Además de disfrutar las películas, uno gozaba del ambiente de camaradería que se instalaba en los lugares del Festival. El Hotel Nacional era un sitio mágico de encuentro, pero también el Capri y el Habana Libre. Los mojitos nocturnos aparecían sobre las bandejas que circulaban los mozos, y desaparecían en un santiamén.

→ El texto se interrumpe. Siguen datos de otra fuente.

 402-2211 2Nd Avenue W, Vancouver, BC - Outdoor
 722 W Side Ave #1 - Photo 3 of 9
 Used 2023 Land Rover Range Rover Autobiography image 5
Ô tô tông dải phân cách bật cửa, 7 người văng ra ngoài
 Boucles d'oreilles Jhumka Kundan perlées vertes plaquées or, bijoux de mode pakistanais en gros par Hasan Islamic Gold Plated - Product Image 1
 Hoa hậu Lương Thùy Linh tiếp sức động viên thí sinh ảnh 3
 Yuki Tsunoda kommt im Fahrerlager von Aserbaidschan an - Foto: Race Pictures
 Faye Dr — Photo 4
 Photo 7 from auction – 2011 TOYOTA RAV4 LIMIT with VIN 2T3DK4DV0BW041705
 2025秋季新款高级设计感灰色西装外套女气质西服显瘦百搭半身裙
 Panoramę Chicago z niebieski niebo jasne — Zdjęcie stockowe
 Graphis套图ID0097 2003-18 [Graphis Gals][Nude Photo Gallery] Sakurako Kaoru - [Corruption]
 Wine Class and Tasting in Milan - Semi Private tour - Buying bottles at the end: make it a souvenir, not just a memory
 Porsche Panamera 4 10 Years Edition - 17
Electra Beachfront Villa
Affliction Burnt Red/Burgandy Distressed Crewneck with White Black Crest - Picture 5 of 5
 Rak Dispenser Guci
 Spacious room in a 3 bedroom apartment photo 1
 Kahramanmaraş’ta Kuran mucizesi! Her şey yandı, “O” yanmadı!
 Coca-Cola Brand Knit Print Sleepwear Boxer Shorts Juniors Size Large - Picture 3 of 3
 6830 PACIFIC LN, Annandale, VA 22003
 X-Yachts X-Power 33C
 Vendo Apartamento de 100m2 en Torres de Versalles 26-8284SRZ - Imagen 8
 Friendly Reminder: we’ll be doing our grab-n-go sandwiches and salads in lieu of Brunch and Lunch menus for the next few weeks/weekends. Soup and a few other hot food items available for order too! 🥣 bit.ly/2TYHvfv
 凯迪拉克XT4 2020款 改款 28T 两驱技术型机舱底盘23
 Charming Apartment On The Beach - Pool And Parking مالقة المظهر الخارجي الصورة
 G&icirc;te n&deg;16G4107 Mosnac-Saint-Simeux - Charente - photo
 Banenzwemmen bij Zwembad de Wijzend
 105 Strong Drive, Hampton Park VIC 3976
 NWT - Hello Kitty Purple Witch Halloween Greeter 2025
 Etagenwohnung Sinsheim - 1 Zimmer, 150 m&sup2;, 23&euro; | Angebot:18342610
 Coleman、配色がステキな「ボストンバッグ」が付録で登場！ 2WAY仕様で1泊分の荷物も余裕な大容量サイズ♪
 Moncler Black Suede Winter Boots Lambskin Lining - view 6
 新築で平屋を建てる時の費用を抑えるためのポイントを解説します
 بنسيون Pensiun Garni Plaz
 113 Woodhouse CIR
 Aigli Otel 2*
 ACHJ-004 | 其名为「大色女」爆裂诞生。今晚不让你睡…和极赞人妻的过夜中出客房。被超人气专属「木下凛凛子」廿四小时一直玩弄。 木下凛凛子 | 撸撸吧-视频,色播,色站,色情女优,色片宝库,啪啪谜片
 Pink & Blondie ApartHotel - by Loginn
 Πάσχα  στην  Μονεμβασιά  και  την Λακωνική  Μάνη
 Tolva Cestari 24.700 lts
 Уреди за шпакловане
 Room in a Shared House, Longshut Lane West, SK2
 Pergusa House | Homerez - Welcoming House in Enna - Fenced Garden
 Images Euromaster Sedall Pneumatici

La salida de un nuevo número de la revista Cine Cubano, en papel periódico, era un acontecimiento, así como los carteles de las películas cubanas, hermosos, diseñados por el formidable Bachs, por Coll, Julio Eloy, Niko, Iglesias, Reboiro o Coni, entre otros artistas que derrochaban talento y humor. Conservo varios de ellos, impresos en serigrafía, con esa nobleza de la tinta espesa que los hace únicos.